David Clohessy, executive director of the main U.S. victims’ group, Survivors Network of Those Abused by Priests, or SNAP, said Pope Francis has shown himself to be capable of making real change in other areas such as church governance and finance but hasn’t done so in dealing with sexual abuse by Catholic clergy.

“The simple truth is this is another gesture, another public relations coup, another nice bit of symbolism that will leave no child better off and bring no real reform to a continuing, scandal-ridden church hierarchy,” he said.

Clohessy said the meeting “is just utterly, utterly meaningless.”

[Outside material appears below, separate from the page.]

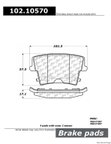Centric 102.10570 Disc Brake Pad Set - Rear - view 1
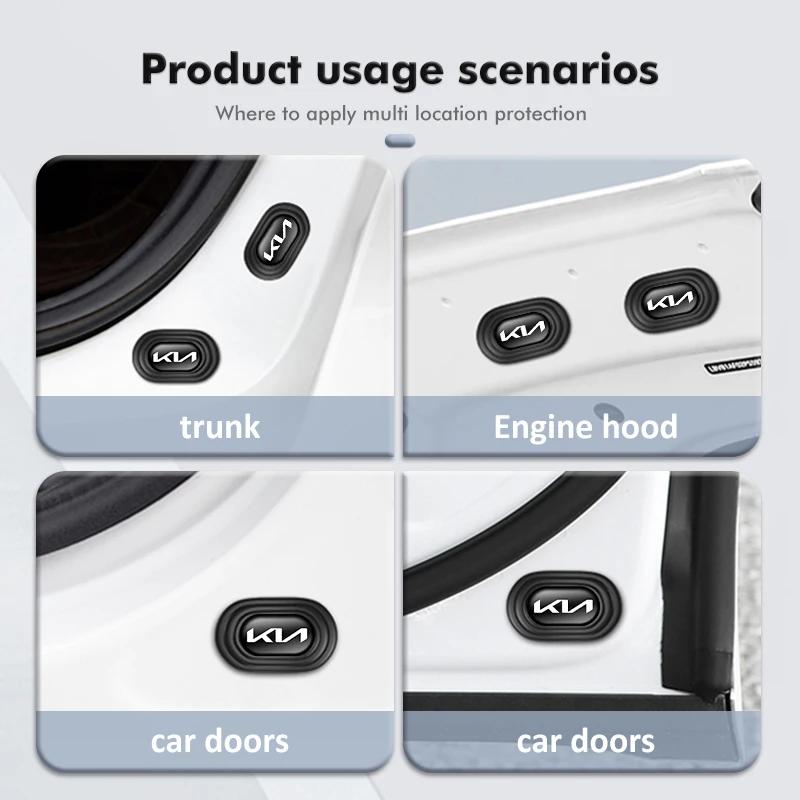 BBEQ3 4pcs Car Mounted Door Shock Absorber Pad Anti-Collision Sticker For KIA Rio K5 K2 Sportage Ceed Sorento Picanto Stinger Soul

But a lawyer who represents clergy abuse victims said he hoped the meeting would be “substantive and meaningful” rather than for cosmetic purposes.

Boston attorney Mitchell Garabedian said “meeting directly with victims is the most powerful tool that the pope can use in understanding the ugliness and horror of clergy sexual abuse and why it must be stopped or prevented.” He added that there should be more than one such meeting.